**Task prompt:**
An exact copy of each line below is needed, with no images in it.
= = = = = = =
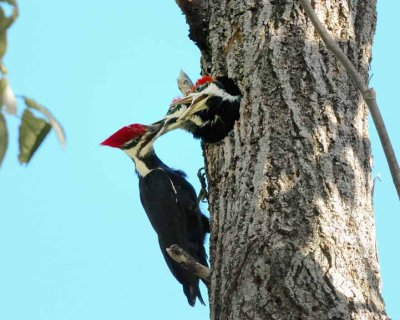 Pileated Woodpeckers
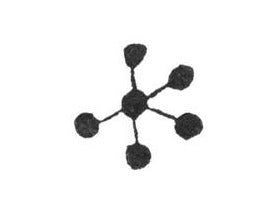 Kleine Holzstempel mit Blütenmotiven von Cats on Appletrees - bei Polly Paper - Umweltfreundliche Schreibwaren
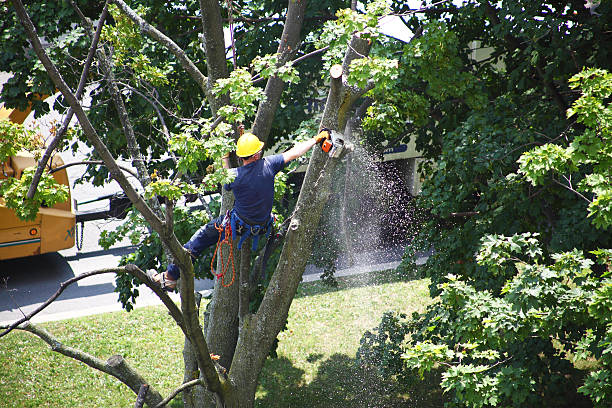 Best Pest Control for Lawns  in Liberty, PA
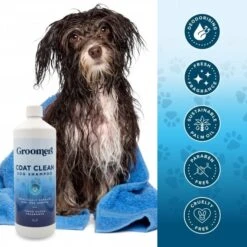 Groomers Coat Care Coat Clean Shampoo 1L -Groomers Online groomers coat care coat clean shampoo 1l p17811 14253 medium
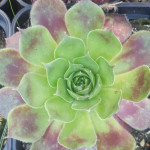 Sempervivum Nadella Rojnik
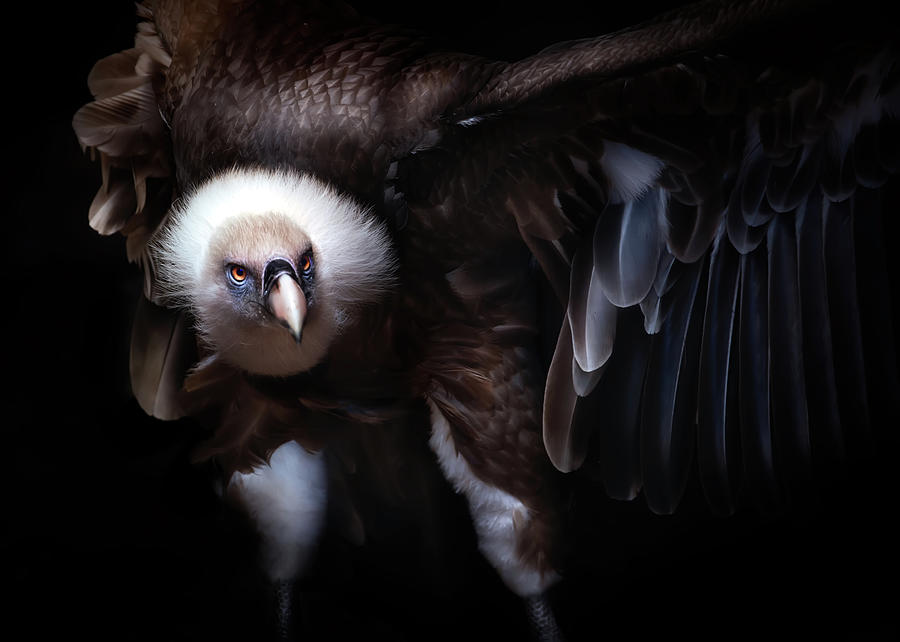 Vulture Photograph - The Duel by Santiago Pascual Buye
= = = = = = =
**Written response:**
 Pileated Woodpeckers
 Kleine Holzstempel mit Blütenmotiven von Cats on Appletrees - bei Polly Paper - Umweltfreundliche Schreibwaren
 Best Pest Control for Lawns  in Liberty, PA
 Groomers Coat Care Coat Clean Shampoo 1L -Groomers Online groomers coat care coat clean shampoo 1l p17811 14253 medium
 Sempervivum Nadella Rojnik
 Vulture Photograph - The Duel by Santiago Pascual Buye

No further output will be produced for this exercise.